[Task objective]: Find the line below with "Allan Andrews Frosted" and the line with "Peace Sign Love". Output exactly those lines and everything between them, leaving out the pictures.

[Records for this exercise]:

....................

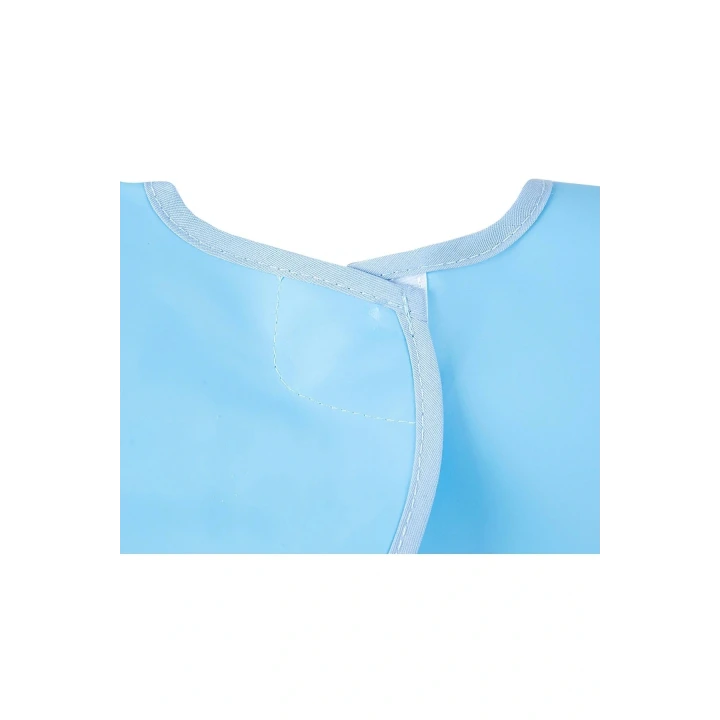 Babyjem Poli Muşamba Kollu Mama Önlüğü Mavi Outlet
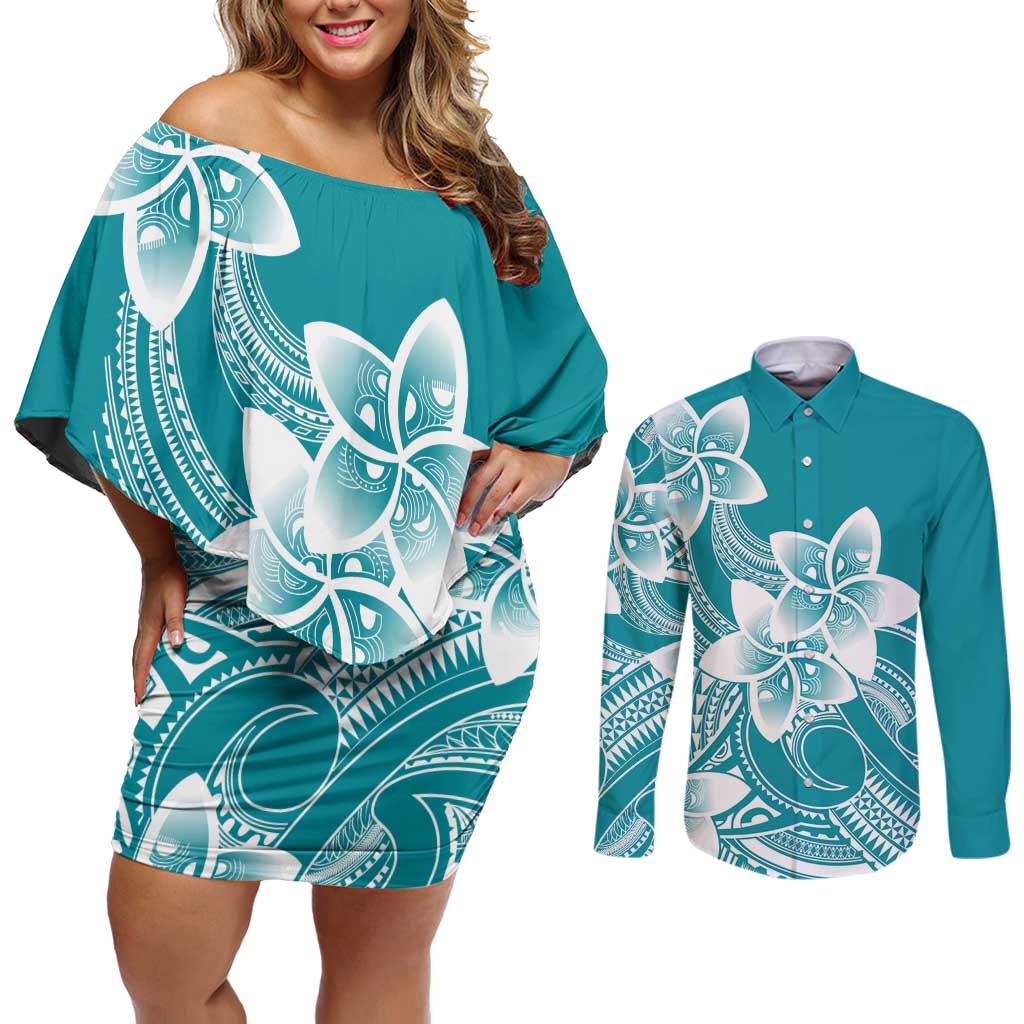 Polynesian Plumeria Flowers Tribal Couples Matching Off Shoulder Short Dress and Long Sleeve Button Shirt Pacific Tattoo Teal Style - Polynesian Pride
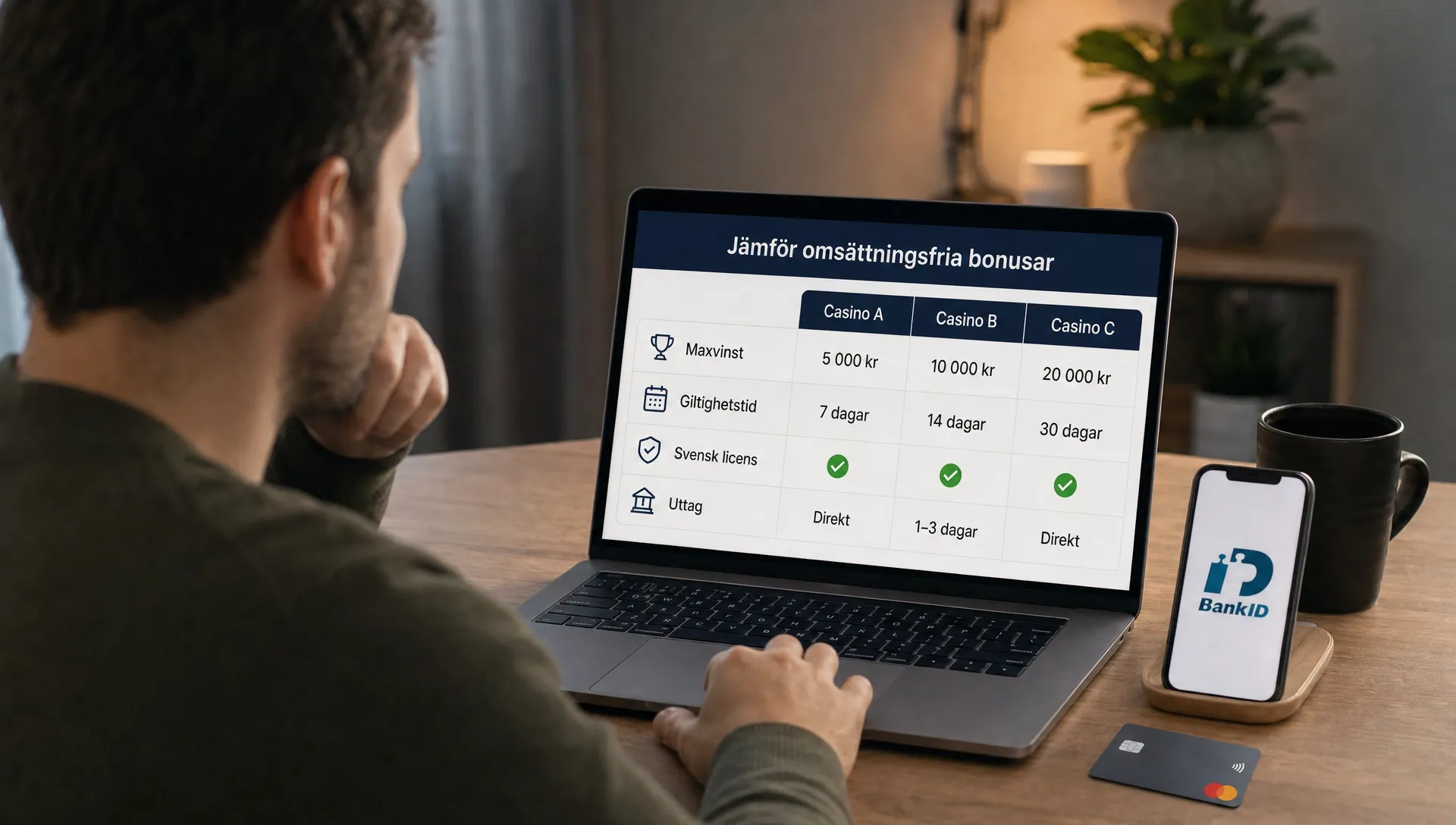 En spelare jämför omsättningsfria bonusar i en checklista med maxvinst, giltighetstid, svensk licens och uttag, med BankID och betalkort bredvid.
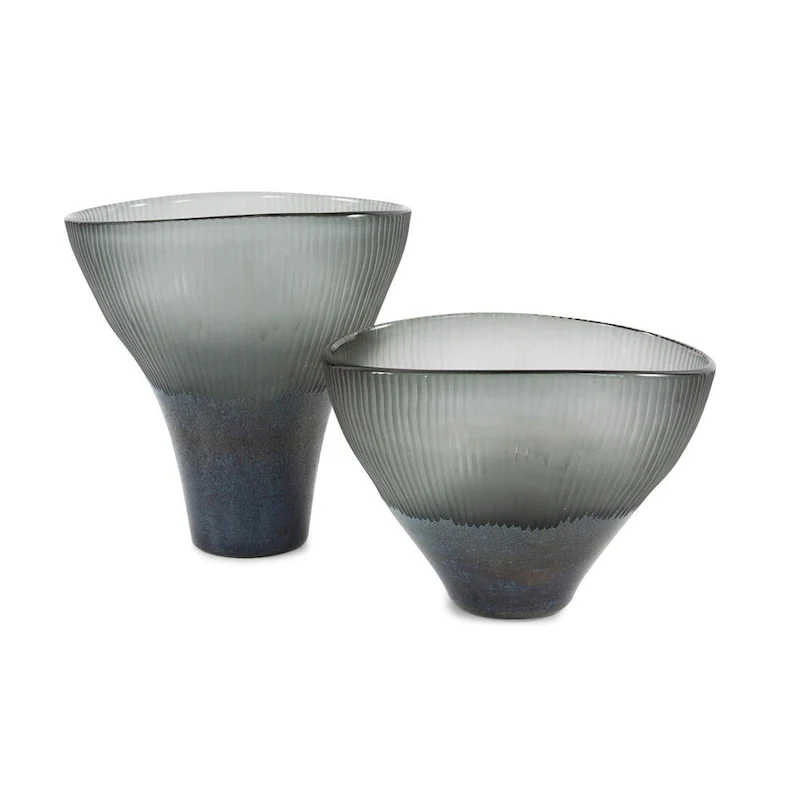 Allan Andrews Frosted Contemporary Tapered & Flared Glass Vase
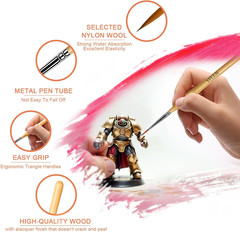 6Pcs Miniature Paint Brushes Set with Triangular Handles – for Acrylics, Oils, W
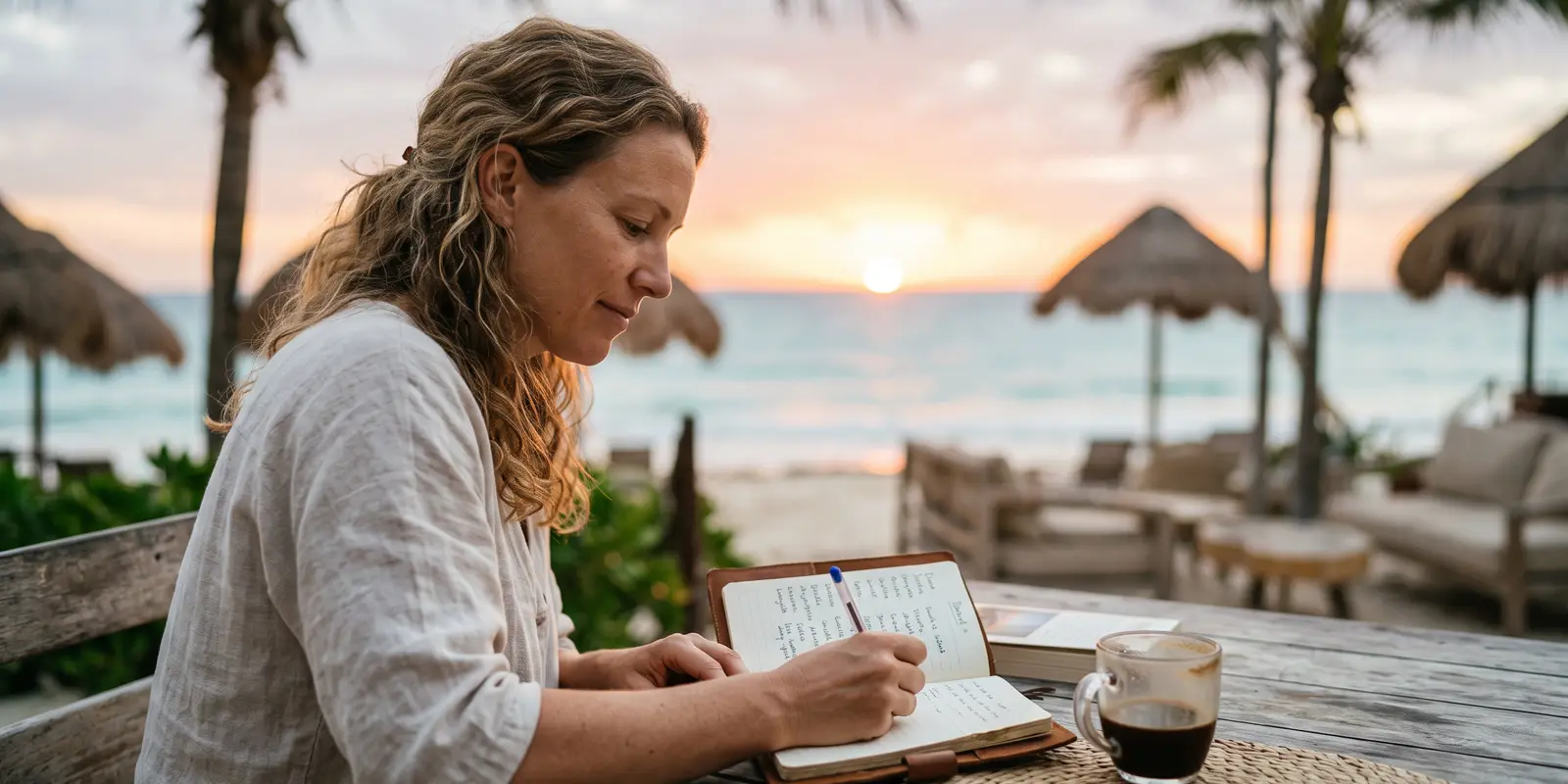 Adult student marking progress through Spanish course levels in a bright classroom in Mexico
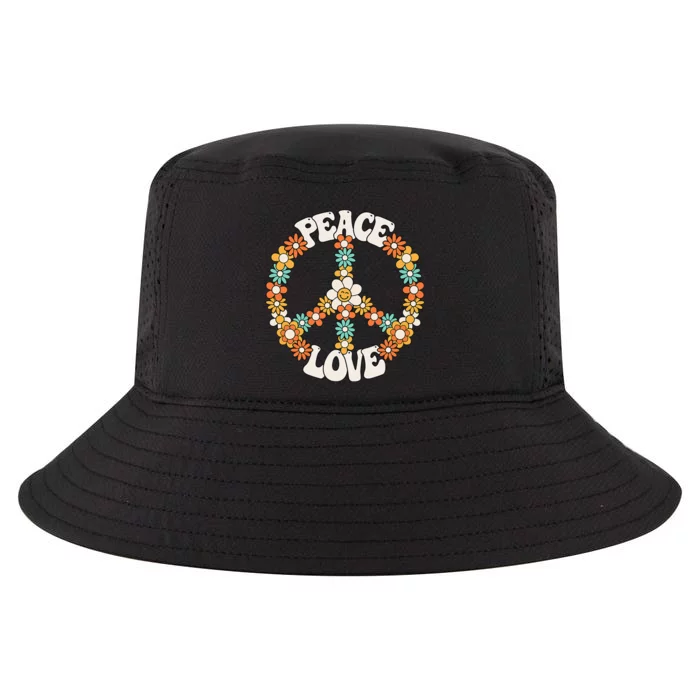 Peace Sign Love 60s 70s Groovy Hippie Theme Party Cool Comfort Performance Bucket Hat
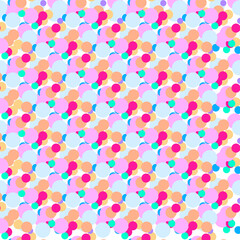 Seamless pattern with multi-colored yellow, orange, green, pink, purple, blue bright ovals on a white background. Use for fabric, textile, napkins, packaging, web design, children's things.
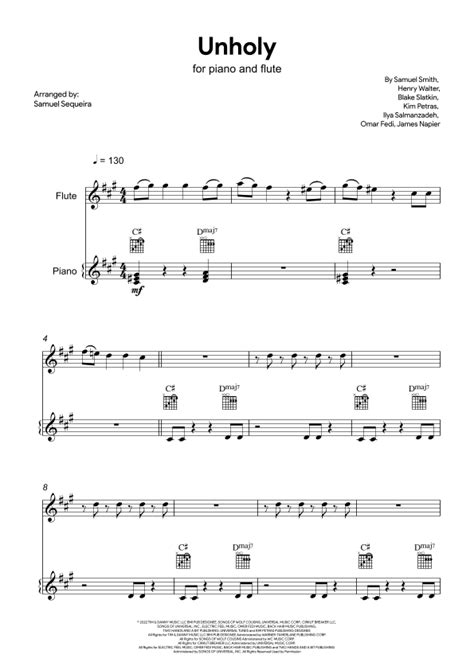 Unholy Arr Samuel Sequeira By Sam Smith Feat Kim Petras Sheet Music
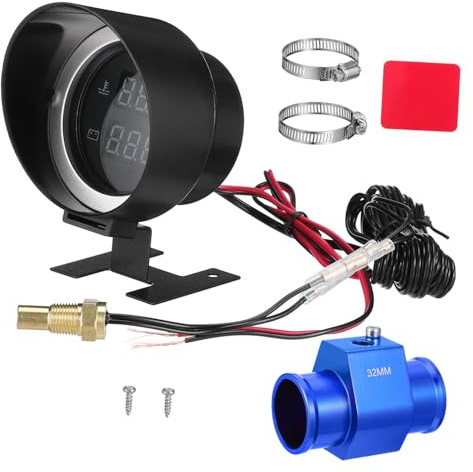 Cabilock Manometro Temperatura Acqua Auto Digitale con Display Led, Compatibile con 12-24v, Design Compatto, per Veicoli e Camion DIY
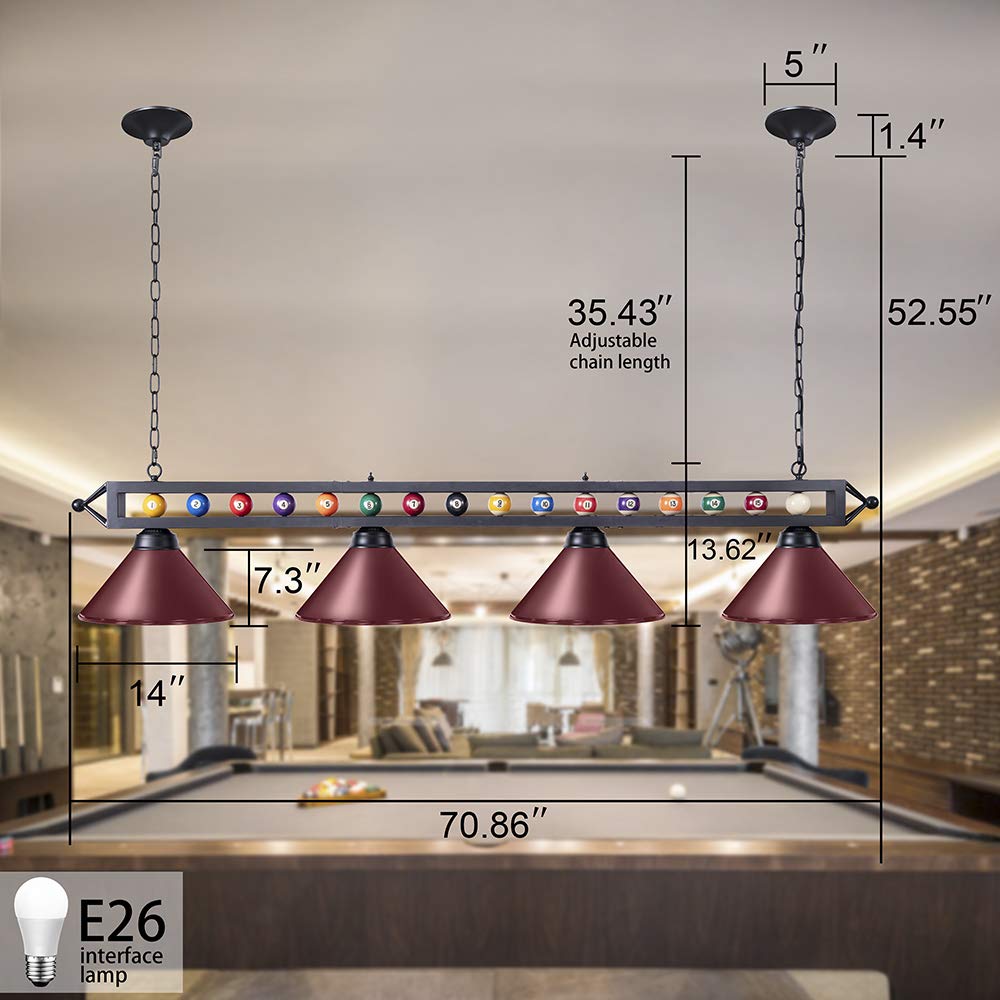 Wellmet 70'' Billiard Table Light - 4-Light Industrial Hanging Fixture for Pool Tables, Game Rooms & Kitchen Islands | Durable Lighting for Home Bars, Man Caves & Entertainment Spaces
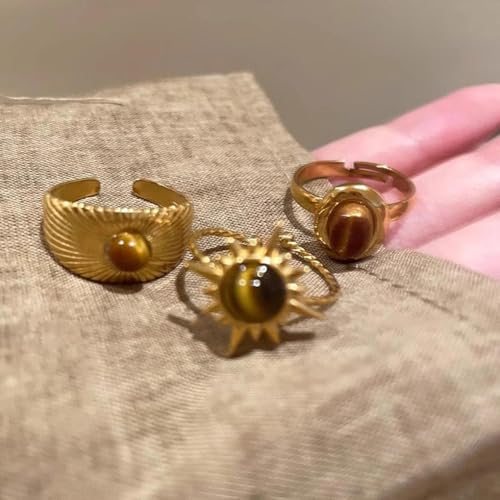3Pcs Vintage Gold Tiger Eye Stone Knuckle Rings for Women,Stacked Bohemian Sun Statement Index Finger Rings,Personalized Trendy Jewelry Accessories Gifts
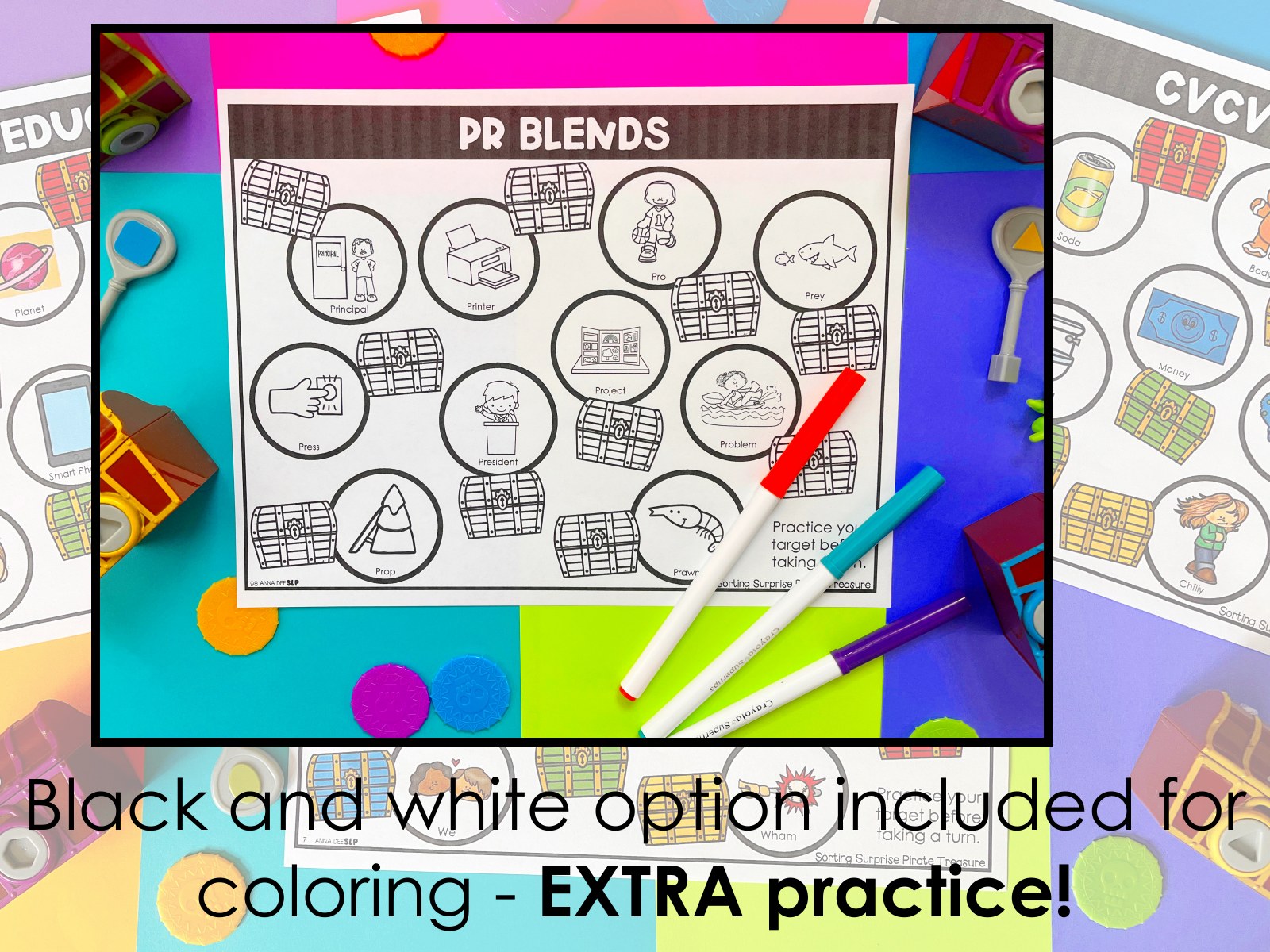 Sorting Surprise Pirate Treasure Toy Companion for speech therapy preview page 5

....................

[Response]:
 Allan Andrews Frosted Contemporary Tapered & Flared Glass Vase
 6Pcs Miniature Paint Brushes Set with Triangular Handles – for Acrylics, Oils, W
 Adult student marking progress through Spanish course levels in a bright classroom in Mexico
 Peace Sign Love 60s 70s Groovy Hippie Theme Party Cool Comfort Performance Bucket Hat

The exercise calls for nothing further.